The solution has much to do with the business owner's claims history, his or her deductible—the amount he or she agrees to pay toward a claim—and the amount of harm the business suffers during the event.
What you should consider before you file a business insurance claim:
Reasons to File a Claim
Following are the factors to consider that favor filing a claim:
- As mentioned previously, that's why business owners purchase commercial insurance—property and liability—in the first place. If they're not going to use it, why buy it?
- Business owners need to make their businesses whole again after a covered event.
- If the event causes business operations to cease temporarily or relocate for repairs, a claim can keep the business afloat.
- Some claims, particularly liability claims, should be filed as soon as possible.
- Many commercial policies have an aggregate deductible, meaning the provider doesn't pay anything toward a claim until that deductible is met during a policy year. Declining to file a claim for one event just means the business owner is further putting off collecting on any claim during the policy term.
Reasons to Avoid a Claim
Here are reasons not to file a claim:
- The amount needed to address the situation might not exceed the business owner's deductible—or it might not exceed it by enough to make it worthwhile. It's a good idea to set deductibles as high as the policyholder can manage. All other things being equal, the lower the deductible, the larger the premium and vice versa.
- Filing a claim won't always cause commercial insurance premiums to increase but it could. That's true even if the policyholder later determines that the claim isn't worth pursuing. Over time, premium increases could wipe out any reimbursement you receive from a provider.
- A policyholder's claims history will follow him or her for up to seven years even if he or she switches providers.
- Some claims, particularly those that involve water damage, can cause providers to drop policyholders. The reason: water damage can involve mold, which is expensive to repair and can recur.
- Filing a business insurance claim can be an arduous process, and there can be expenses involved in documenting the damage, the cause of it and its effects on the company's finances.
- If a maintenance issue is involved in the loss, don't file the claim. It likely will be rejected.
The Most Common Claims and Payouts
Part of the decision on whether to file a commercial insurance claim rests with the type of claim. That has a huge effect on the potential loss. When a business owner suffers large losses, the decision leans much more heavily toward filing the claim.

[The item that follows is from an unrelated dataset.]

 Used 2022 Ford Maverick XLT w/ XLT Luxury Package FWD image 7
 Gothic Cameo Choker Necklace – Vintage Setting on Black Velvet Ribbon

According the study by The Hartford, the five most common commercial and property liability claims are the following:
- Burglary and theft: 20 percent of all commercial claims, however, the average payout for these claims is only about $8,000
- Water and freezing damage: 15 percent, average payout: $17,000
- Wind and hail: 15 percent, average payout: $26,000
- Fire: 10 percent, average payout: $35,000
- Customer slip and fall: 10 percent, average payout: $20,000
The message from these statistics is clear: most burglary and theft claims might not be worth the potential consequences of filing a claim. Property damage claims probably depend on the amount of damage and the deductible.
On the other hand, claims for customer slip-and-fall cases should be filed immediately. Most liability claims have no deductible, and the potential for huge awards is great; it's best to have the insurance provider in on them immediately.
It's important to respond quickly to the two least frequent claims types: reputational harm and commercial vehicle accidents. The average payouts are $50,000 and $45,000, respectively.
Related Article: 9 Ways to Save Money on Business Insurance
When the Decision is to File a Claim
Once the business owner has weighed all the factors and decided to file a claim, the best thing he or she can do is review the policy again to make sure the venture is insured against that particular threat. Then the policyholder should contact the provider as soon as possible.
The Insurance Information Institute recommends holding off on permanent repairs until an insurance company gives the OK. However, the policyholder should make temporary repairs to keep the damage from worsening.
For example, if there's a hole in the roof, put up a tarp to prevent more problems. If there's damage to any equipment, save the damaged parts.
Policyholders who plan to file business interruption claims must be able to demonstrate the income generated before and after the loss, including the cost of relocation to a temporary location.
The Answer to the Question
None of this is intended to discourage small business owners from filing claims against their commercial policies. However, knowing when to pick one's spots for a claim can result in long-term gains that could be more beneficial than a small payout now.
As is true for any decision involving a company, business owners should always weigh the benefits of taking action against the potential downside.